For Mr Scott, the priority has been on people rather than bricks and mortar, with a rigorous recruitment process taking place.
"We are fussy about appointing people who understand what we mean by amazing learning," he said.
The school interviewed 400 people and employed 48.
Bill Delbrugge, director at Dunecrest American School, said the constant change in plans has proven a huge challenge for his staff, though they have learned to remain positive.
“Challenges are great opportunities and through these challenges, our staff has learned to be very flexible," said, Mr Delbrugge.
Parents are often unsure if a school will be completed and ready in time for the school year to start.
"Recruiting people was a challenge initially as it was hard to convince families we would open on time.

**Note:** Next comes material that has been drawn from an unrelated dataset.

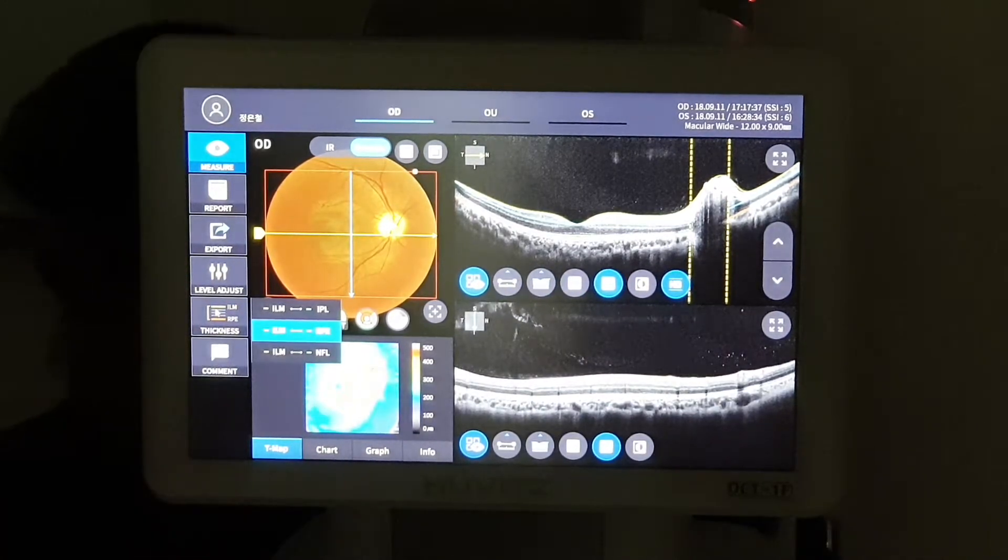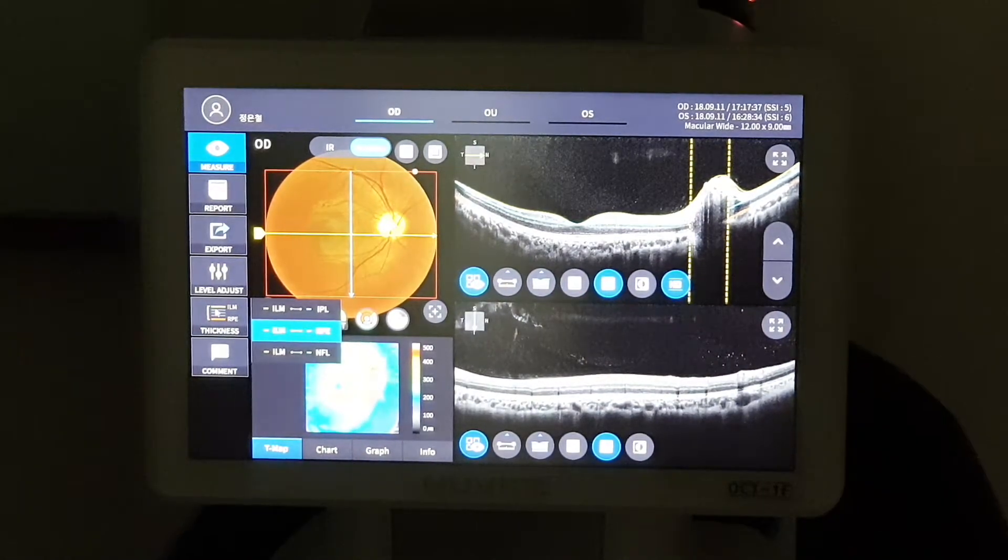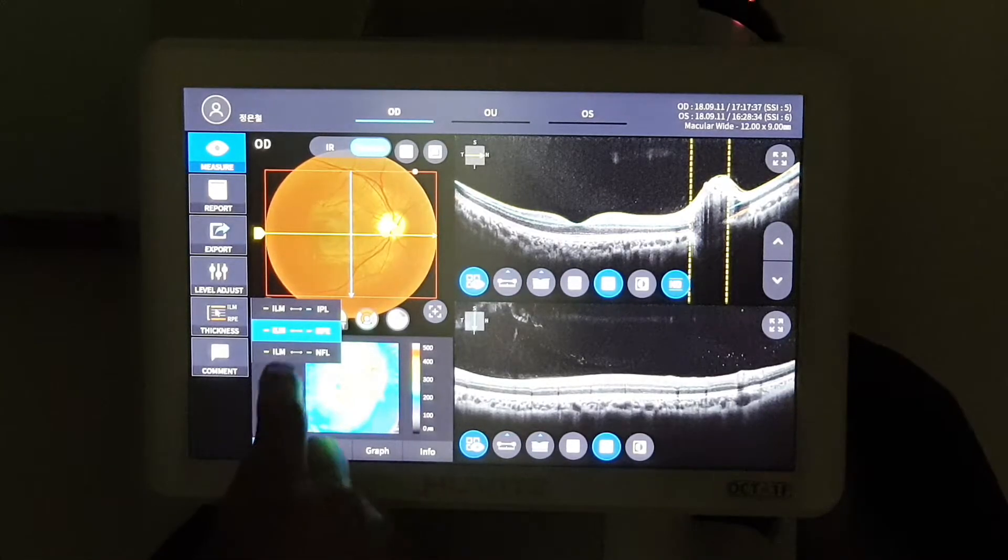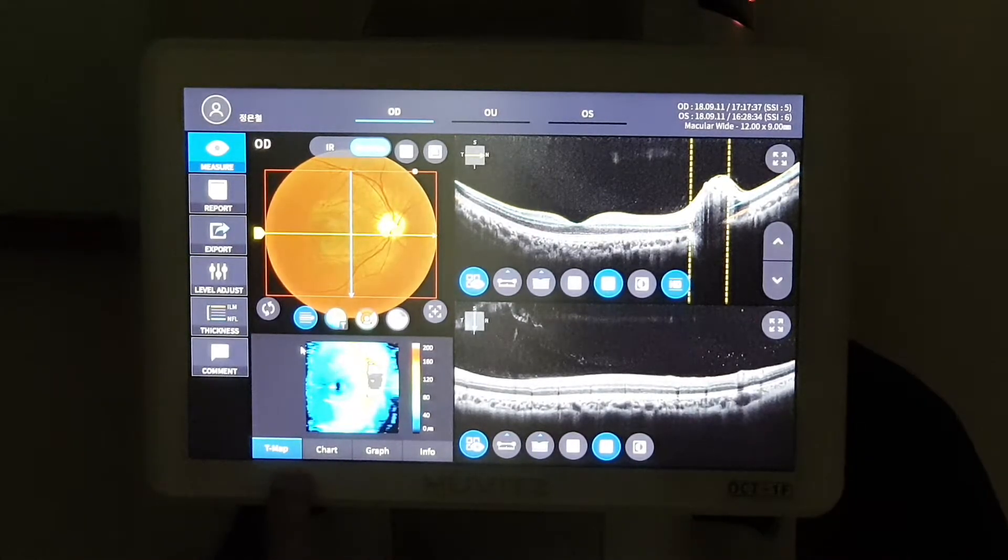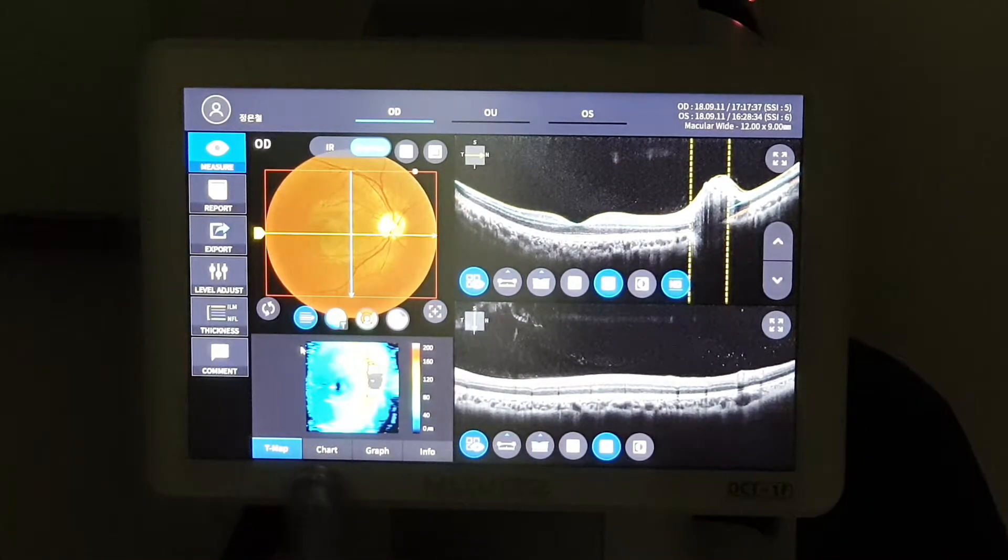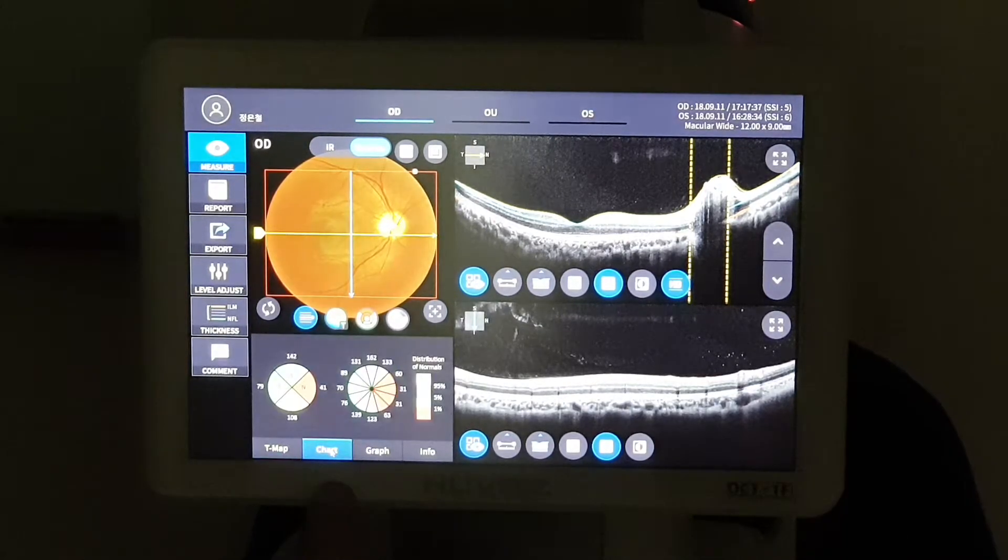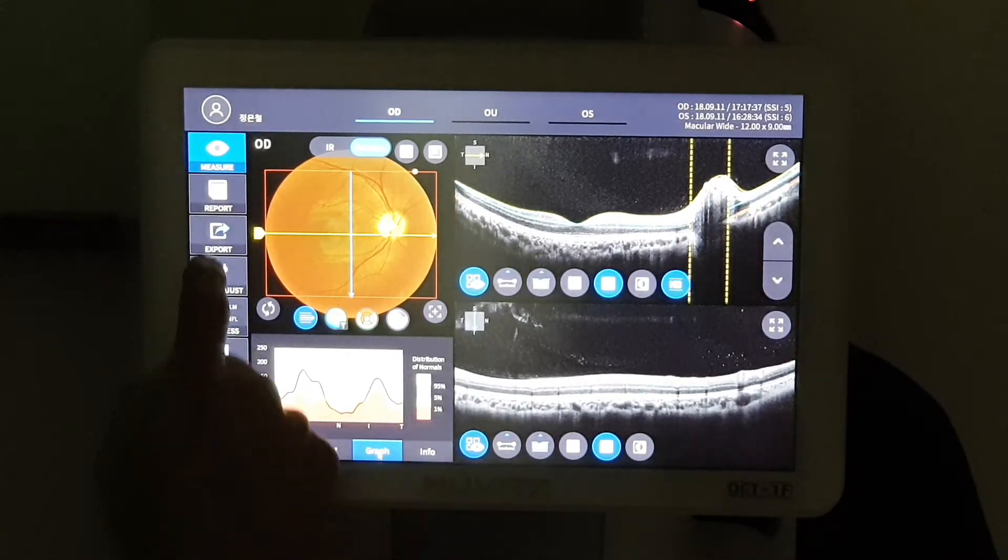In the left side of the screen, there are three kinds of thickness range and we can check the three kinds of things such as t-map, chart, and graph at one time.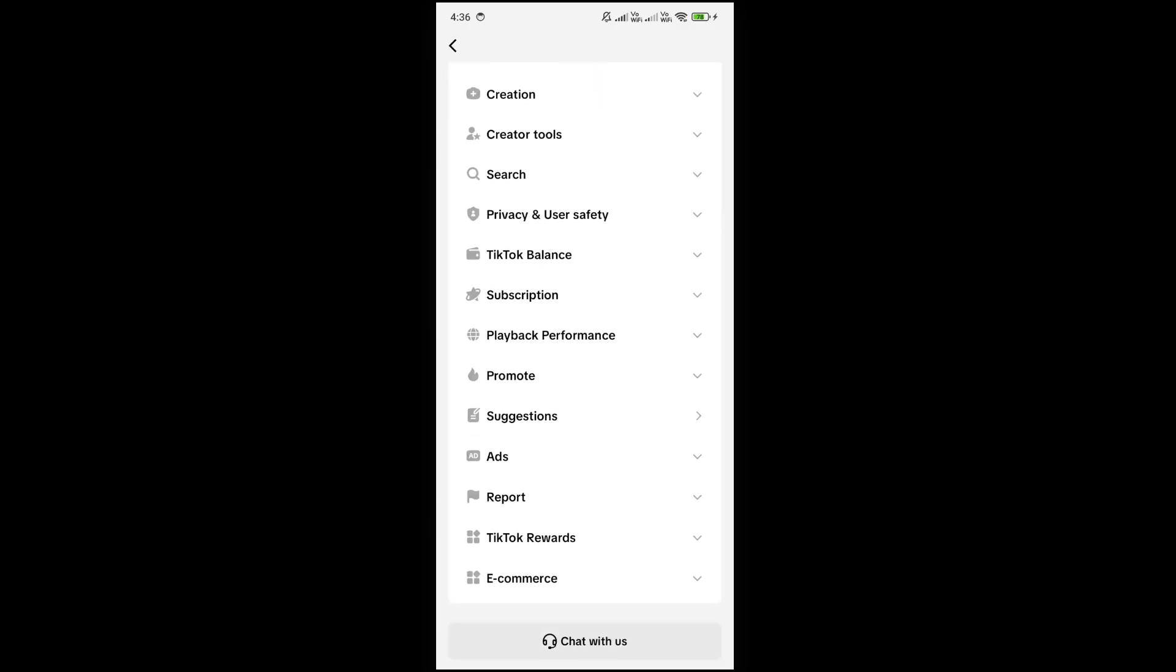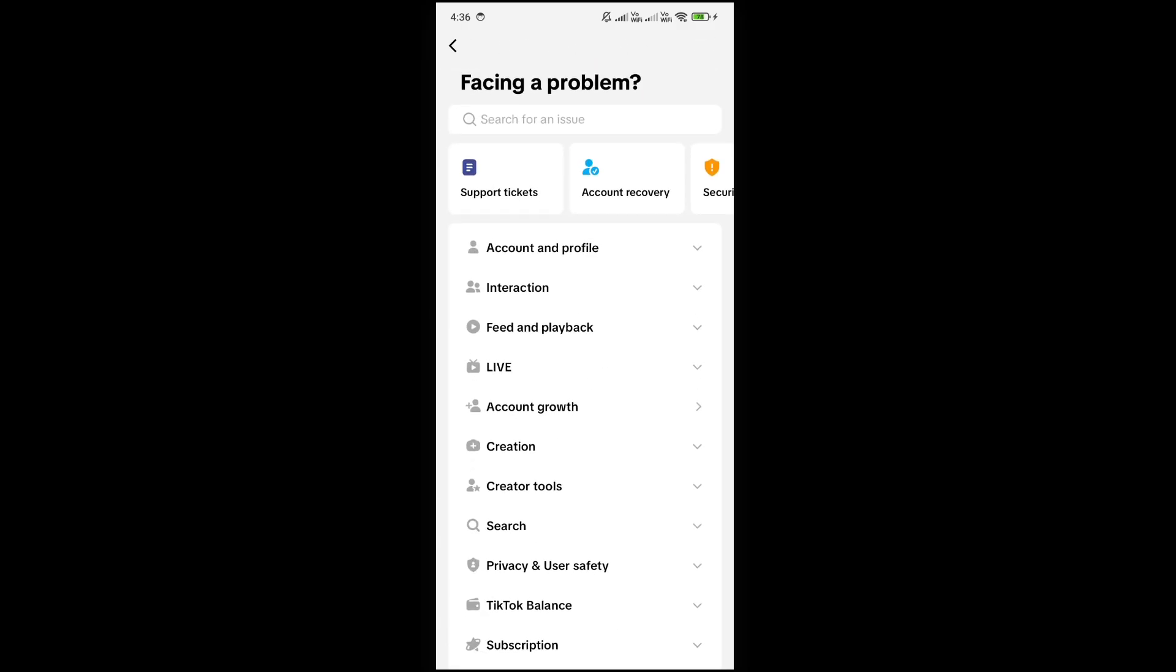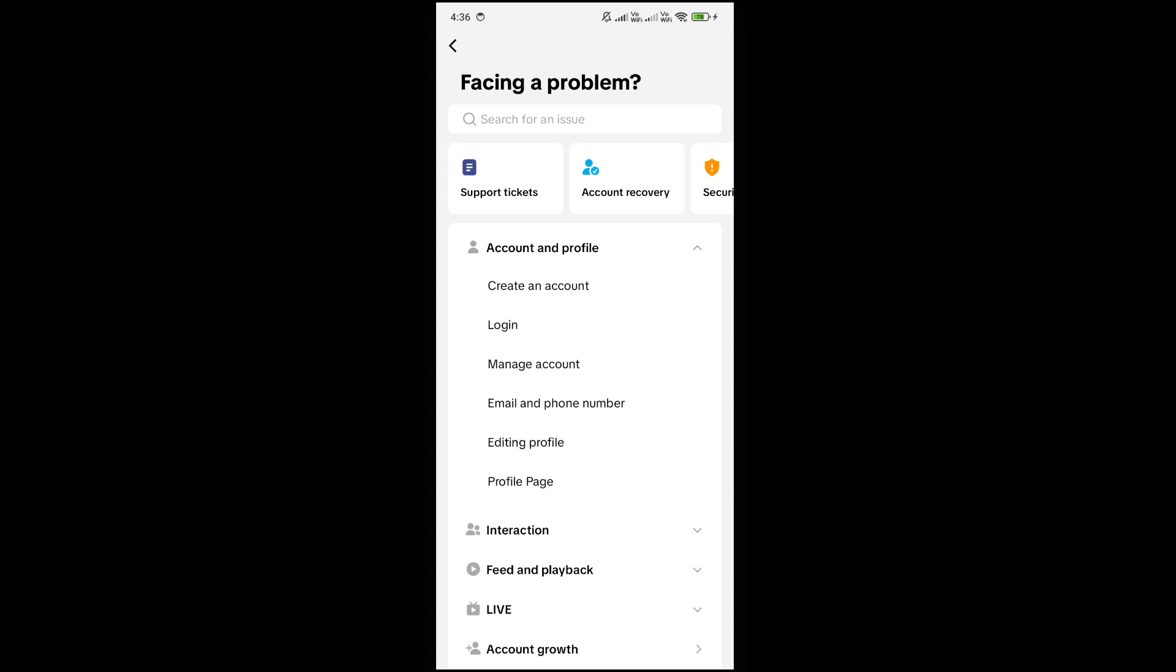Now scroll down to the bottom. You have to click on this option, account and profile. Just click on it and here click on profile page.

In the last few weeks, when we have been ready, we have seen people coming in," said Mr Delbrugge.
"In the future, recruiting will be much easier as we will have a finished facility. now that the building is finished we are seeing more traffic."
The school is receiving international pupils with about 50 per cent coming from the US or Canada. Another 20 per cent of the pupils are from Egypt.
Joanne Wells, principal at South View School said winning the trust of parents, who have tried-and-tested education options available, is important.
"One of the biggest things for a parent is trust. When you don’t have a track record as a school, that is harder," she said.
"Now that the school is open and running, people are happy to admit their children."
The educators believes that for schools to retain parents' trust, it is essential they keep their promises and follow through on them.
David Hicks, principal at Dubai International Academy Al Barsha, believes that whenever you open a new school, parents are excited but also concerned about whether the campus will be ready on time.
"When opening a new school, our biggest challenge has been everybody coming together afresh," he said.
Dubai International Academy already has a school in Emirates Hill.
"At DIA Al Barsha, we don’t have a legacy of pupils passing from one grade to another. We have to make sure the pupils feel safe and welcomed."
The school publicised coffee morning and meet and greets as these events gave them the opportunity to listen to parents' concerns and provide feedback.
For a new school, gaining parents' trust is essential.
"A lot of it is built around being open and honest. Have an open door policy and make sure there isn't a disconnect.
"If parents know I, or my team, are there to listen to them and respond appropriately, we can develop a real partnership."